Upon completion of the Shares Swap Agreement, Sega.com will
nominate four representatives to the board of directors of the
Company. The board of the Company currently consists of 5
executive Directors and 2 non-executive Directors. Save for the
aforesaid, there will not be any changes to the board of
Directors of the Company.

Shareholding structure
Harmony Link Corporation ("Harmony") is the controlling
shareholder of the Company interested in approximately 64% of
the existing issued share capital of the Company. Harmony is
beneficially wholly owned by three Directors namely Messrs. Lui
Shing Ming, Brian (24.13%), Lui Shing Cheong (12.88%) and Lui
Shing Chung, Victor (14.59%) and a family trust (48.40%) of
which the aforesaid Directors are beneficiaries. Upon the issue
of the New Shares, Sega.com will be interested in approximately
32.97% of the enlarged issued share capital of the Company,
Harmony's interest in the Company will be reduced to
approximately 42.68%, with the public shareholding reduced to
approximately 24.25%.

(for the charts set out the shareholding structure of
Sega.com (assuming the Restructuring had taken place) and the
Company before and after completion of the Shares Swap Agreement, please
refer to the press announcement today.)

The SFC has indicated that Harmony and Sega.com are presumed to
be parties acting in concert. The parties will make an
application to the Executive to rebut the presumed association.

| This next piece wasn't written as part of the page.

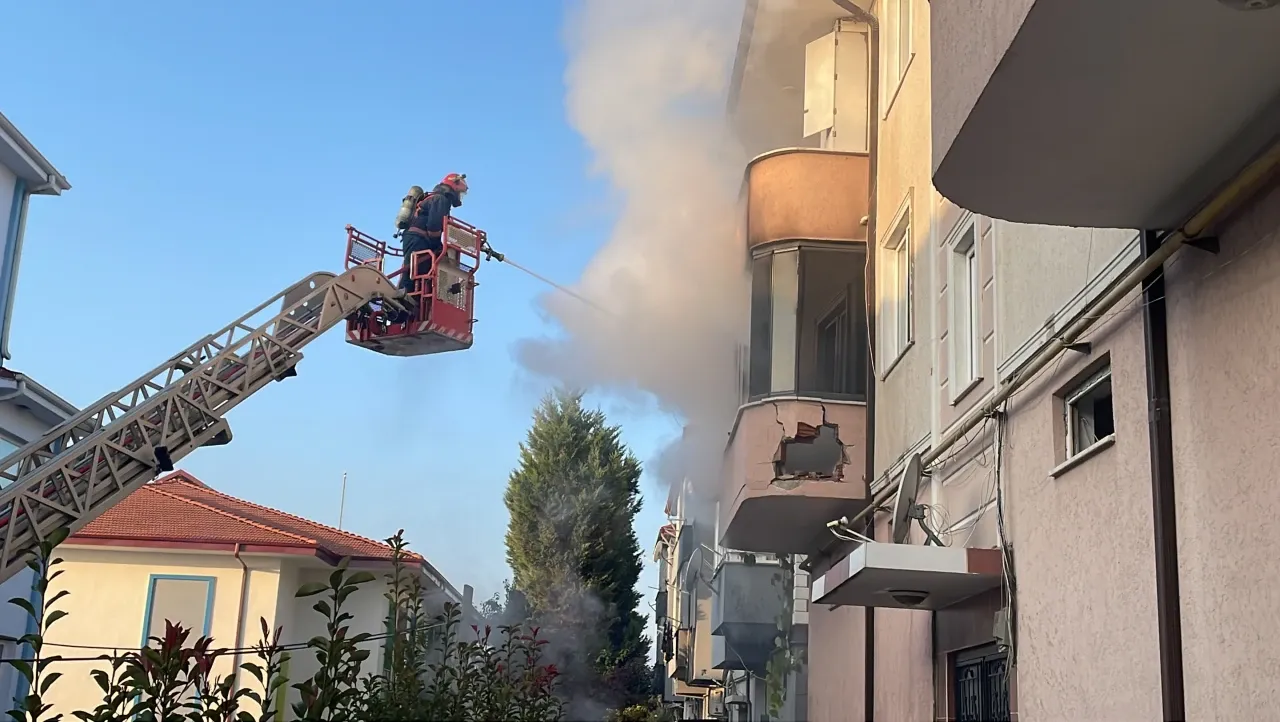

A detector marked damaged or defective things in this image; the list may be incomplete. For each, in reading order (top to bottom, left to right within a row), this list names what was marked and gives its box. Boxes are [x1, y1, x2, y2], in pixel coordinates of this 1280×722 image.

In order to maintain the public float of the Company, the
Company agrees to procure Harmony to place down such number of
shares of the Company to independent third parties so as to
ensure that not less than 25% of the issued share capital of the
Company will be in public hands prior to completion of the
Shares Swap Agreement. Harmony's interest in the Company will be
further reduced to not more than 41.93% upon completion of the
aforesaid placing.

Declaration of special dividend and book close date
Subject to the Shares Swap Agreement becoming unconditional, the
Directors propose to declare a special dividend of HK$0.10 per
share ("Special Dividend") to shareholders of the Company whose
names appear on the register of members on the date of the
special general meeting of the Company ("SGM") approving the
Shares Swap Agreement and the allotment of the New Shares.

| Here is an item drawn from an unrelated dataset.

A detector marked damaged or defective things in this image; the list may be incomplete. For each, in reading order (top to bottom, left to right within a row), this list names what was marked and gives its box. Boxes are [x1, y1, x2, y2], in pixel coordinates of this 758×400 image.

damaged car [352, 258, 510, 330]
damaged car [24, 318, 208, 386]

To determine entitlements to the Special Dividend, the register
of members of the Company will close during the period from 16th
March, 2000 to 20th March, 2000, both days inclusive. In order
to qualify for the Special Dividend, shareholders of the Company
who are not already on the register of members are required to
lodge their share certificates, together with the relevant forms
of transfer, to the branch registrar of the Company in Hong
Kong, Tengis Limited at 1601 Hutchison House, 10 Harcourt Road,
Central, Hong Kong, no later than 4:00 p.m. on 15th March, 2000.

General
The Shares Swap Agreement constitutes a discloseable and
connected transaction of the Company under the Rules Governing
the Listing of Securities (the "Listing Rules") on the Stock
Exchange. An independent financial adviser will be appointed to
advise the independent board committee on the terms of the
Shares Swap Agreement. A circular containing, inter alia,
details of the Shares Swap Agreement, the letter from the
independent financial adviser together with a notice of the SGM
will be despatched to the shareholders of the Company as soon as
practicable.

Trading in the shares of the Company was suspended at the
request of the Company with effect from 10:23 a.m. on 31st
January, 2000. Application has been made to the Stock Exchange
for resumption in trading in the shares of the Company will
effect from 10:00 a.m. on 11th February, 2000.

By Order of the Board
Lui Shing Ming, Brian
Deputy Chairman and Managing Director

Hong Kong, 10th February, 2000

The directors of the Company jointly and severally accept full
responsibility for the accuracy of information contained in this
announcement and confirm, having made all reasonable inquiries,
that to the best of their knowledge and belief, opinions
expressed in this announcement have been arrived as after due
and careful consideration and that there are no other facts not
contained in this announcement, the omission of which would make
any statements in this announcement misleading.